§ What you need to do
Nothing is needed except the lines below that run from the one with "have presented." through the one with "15, ANDERSON CLOSE, HAREFIELD, UXBRIDGE, UB9", repeated exactly.

§ Supplied material
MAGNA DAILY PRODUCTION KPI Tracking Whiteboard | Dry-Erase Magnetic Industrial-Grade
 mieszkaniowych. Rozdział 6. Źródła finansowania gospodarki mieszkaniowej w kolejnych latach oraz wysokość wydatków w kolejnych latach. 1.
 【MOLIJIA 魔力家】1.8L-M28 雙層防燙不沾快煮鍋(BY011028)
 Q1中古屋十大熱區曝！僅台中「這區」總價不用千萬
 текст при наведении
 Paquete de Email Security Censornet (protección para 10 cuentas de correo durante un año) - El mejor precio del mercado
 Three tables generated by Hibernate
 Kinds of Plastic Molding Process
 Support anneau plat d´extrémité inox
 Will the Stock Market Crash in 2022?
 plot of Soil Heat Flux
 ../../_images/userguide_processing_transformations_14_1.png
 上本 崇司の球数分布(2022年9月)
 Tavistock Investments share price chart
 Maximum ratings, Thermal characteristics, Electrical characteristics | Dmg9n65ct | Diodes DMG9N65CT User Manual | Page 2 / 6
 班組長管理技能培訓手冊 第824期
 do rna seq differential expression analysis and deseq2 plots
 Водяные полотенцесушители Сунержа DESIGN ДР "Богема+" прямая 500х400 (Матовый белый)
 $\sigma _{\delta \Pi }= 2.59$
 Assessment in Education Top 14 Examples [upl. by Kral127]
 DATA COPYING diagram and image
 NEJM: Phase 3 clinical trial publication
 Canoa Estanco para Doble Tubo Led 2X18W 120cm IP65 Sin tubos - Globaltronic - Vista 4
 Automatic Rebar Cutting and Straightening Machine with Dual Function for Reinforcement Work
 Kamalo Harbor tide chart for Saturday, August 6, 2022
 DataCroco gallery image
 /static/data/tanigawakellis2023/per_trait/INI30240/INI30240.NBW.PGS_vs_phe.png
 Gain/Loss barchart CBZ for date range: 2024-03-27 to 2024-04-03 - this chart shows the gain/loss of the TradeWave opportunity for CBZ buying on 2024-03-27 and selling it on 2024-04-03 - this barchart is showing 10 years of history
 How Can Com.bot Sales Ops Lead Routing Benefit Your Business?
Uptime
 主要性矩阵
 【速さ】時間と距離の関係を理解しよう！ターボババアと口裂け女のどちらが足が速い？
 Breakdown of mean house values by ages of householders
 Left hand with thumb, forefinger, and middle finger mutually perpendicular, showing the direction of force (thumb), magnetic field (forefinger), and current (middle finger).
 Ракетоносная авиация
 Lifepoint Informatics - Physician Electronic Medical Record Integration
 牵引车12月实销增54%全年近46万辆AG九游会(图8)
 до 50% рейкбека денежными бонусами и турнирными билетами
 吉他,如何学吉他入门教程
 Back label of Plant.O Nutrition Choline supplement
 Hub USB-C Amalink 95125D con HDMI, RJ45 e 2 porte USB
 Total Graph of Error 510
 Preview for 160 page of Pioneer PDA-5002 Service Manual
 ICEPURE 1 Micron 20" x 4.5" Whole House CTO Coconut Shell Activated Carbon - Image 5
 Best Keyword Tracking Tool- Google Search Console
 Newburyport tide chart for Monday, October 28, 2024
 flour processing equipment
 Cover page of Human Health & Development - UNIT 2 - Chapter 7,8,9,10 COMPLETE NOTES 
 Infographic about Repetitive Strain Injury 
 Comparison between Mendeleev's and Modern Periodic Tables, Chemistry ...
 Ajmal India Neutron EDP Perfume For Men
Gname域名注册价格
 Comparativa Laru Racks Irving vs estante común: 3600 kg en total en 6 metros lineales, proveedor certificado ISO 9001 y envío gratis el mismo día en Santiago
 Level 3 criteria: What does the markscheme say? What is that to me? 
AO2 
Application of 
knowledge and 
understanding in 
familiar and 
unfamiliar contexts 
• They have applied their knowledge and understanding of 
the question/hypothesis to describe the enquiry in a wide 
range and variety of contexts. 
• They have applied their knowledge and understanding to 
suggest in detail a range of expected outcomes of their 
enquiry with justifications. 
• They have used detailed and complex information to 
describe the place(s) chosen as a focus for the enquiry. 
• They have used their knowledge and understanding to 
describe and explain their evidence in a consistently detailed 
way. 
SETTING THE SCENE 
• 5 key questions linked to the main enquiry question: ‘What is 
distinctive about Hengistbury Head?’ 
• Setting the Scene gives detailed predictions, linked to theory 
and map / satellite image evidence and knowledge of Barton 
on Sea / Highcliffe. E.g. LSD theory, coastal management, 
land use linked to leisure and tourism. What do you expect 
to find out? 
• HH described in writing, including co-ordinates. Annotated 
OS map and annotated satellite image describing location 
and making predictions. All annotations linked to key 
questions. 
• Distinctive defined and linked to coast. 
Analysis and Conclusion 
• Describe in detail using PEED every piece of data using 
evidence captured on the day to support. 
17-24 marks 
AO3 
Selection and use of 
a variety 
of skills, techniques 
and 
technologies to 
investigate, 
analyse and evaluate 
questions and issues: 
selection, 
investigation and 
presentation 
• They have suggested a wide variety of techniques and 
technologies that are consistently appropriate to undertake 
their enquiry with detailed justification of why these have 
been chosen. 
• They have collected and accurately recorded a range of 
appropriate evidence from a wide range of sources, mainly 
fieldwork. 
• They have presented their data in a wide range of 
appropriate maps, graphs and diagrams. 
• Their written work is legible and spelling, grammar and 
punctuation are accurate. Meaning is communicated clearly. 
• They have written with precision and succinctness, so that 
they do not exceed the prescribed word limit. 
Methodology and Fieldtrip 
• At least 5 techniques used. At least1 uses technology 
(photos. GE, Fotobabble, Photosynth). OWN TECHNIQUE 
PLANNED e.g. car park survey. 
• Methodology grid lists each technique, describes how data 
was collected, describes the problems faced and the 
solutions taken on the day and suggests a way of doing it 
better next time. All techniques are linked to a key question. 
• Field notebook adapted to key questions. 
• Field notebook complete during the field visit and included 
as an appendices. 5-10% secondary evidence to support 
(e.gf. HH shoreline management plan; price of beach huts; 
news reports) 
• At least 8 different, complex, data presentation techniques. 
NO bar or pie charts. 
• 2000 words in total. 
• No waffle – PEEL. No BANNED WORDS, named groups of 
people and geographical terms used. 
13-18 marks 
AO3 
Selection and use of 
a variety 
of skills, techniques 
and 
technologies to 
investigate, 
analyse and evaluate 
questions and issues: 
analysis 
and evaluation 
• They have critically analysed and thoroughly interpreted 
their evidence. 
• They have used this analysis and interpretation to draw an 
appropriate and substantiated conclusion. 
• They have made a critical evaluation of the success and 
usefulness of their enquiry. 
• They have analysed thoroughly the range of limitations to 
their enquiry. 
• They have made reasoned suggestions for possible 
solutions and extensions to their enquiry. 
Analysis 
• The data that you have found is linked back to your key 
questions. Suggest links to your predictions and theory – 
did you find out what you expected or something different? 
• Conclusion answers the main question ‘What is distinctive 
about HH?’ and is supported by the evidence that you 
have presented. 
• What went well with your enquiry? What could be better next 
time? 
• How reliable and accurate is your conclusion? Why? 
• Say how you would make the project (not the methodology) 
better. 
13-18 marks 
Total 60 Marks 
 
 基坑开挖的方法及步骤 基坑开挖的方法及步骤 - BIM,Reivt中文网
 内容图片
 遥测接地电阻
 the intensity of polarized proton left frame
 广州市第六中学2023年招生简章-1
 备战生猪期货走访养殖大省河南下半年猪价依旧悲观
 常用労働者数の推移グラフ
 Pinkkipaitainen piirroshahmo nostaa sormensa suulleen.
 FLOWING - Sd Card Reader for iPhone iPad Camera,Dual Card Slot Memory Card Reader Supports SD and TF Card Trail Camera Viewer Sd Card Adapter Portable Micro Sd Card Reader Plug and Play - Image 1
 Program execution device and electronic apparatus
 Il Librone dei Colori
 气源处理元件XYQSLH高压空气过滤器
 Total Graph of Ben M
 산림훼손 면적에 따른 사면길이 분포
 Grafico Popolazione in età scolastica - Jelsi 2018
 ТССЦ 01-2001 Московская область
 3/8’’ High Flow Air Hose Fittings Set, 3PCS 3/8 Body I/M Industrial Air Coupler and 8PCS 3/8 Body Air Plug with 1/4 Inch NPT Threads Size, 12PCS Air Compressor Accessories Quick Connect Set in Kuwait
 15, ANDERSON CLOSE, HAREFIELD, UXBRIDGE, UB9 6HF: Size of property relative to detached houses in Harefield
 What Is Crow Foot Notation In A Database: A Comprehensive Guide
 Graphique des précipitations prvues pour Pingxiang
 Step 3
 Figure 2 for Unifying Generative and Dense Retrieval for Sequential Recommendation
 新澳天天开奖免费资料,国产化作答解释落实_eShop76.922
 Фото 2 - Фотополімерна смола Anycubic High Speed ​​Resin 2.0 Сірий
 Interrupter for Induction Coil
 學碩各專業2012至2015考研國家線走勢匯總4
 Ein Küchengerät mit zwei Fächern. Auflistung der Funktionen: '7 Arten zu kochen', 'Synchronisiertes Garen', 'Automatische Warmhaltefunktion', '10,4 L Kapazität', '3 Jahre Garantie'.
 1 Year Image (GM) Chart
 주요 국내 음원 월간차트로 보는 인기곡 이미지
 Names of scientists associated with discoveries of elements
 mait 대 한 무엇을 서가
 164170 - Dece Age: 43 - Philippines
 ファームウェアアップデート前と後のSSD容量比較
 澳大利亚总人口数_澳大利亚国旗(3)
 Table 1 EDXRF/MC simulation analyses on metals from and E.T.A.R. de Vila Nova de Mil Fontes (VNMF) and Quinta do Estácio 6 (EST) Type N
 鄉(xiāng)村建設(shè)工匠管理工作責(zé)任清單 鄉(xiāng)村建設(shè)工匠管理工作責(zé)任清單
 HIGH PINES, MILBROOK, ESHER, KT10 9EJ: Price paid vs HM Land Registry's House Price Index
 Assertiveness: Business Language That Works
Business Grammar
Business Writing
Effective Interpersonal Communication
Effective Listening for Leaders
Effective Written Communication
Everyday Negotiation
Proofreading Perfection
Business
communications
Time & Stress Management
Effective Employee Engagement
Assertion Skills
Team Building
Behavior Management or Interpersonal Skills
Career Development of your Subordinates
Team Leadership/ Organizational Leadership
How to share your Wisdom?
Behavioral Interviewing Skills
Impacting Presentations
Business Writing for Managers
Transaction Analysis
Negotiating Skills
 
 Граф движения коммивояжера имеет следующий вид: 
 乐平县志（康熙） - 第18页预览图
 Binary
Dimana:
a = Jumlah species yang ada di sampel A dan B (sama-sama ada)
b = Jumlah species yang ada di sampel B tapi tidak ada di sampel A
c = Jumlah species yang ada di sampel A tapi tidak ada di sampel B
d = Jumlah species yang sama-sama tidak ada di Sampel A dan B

§ Response area
have presented. 
• What went well with your enquiry? What could be better next 
time? 
• How reliable and accurate is your conclusion? Why? 
• Say how you would make the project (not the methodology) 
better. 
13-18 marks 
Total 60 Marks 
 
 基坑开挖的方法及步骤 基坑开挖的方法及步骤 - BIM,Reivt中文网
 内容图片
 遥测接地电阻
 the intensity of polarized proton left frame
 广州市第六中学2023年招生简章-1
 备战生猪期货走访养殖大省河南下半年猪价依旧悲观
 常用労働者数の推移グラフ
 Pinkkipaitainen piirroshahmo nostaa sormensa suulleen.
 FLOWING - Sd Card Reader for iPhone iPad Camera,Dual Card Slot Memory Card Reader Supports SD and TF Card Trail Camera Viewer Sd Card Adapter Portable Micro Sd Card Reader Plug and Play - Image 1
 Program execution device and electronic apparatus
 Il Librone dei Colori
 气源处理元件XYQSLH高压空气过滤器
 Total Graph of Ben M
 산림훼손 면적에 따른 사면길이 분포
 Grafico Popolazione in età scolastica - Jelsi 2018
 ТССЦ 01-2001 Московская область
 3/8’’ High Flow Air Hose Fittings Set, 3PCS 3/8 Body I/M Industrial Air Coupler and 8PCS 3/8 Body Air Plug with 1/4 Inch NPT Threads Size, 12PCS Air Compressor Accessories Quick Connect Set in Kuwait
 15, ANDERSON CLOSE, HAREFIELD, UXBRIDGE, UB9 6HF: Size of property relative to detached houses in Harefield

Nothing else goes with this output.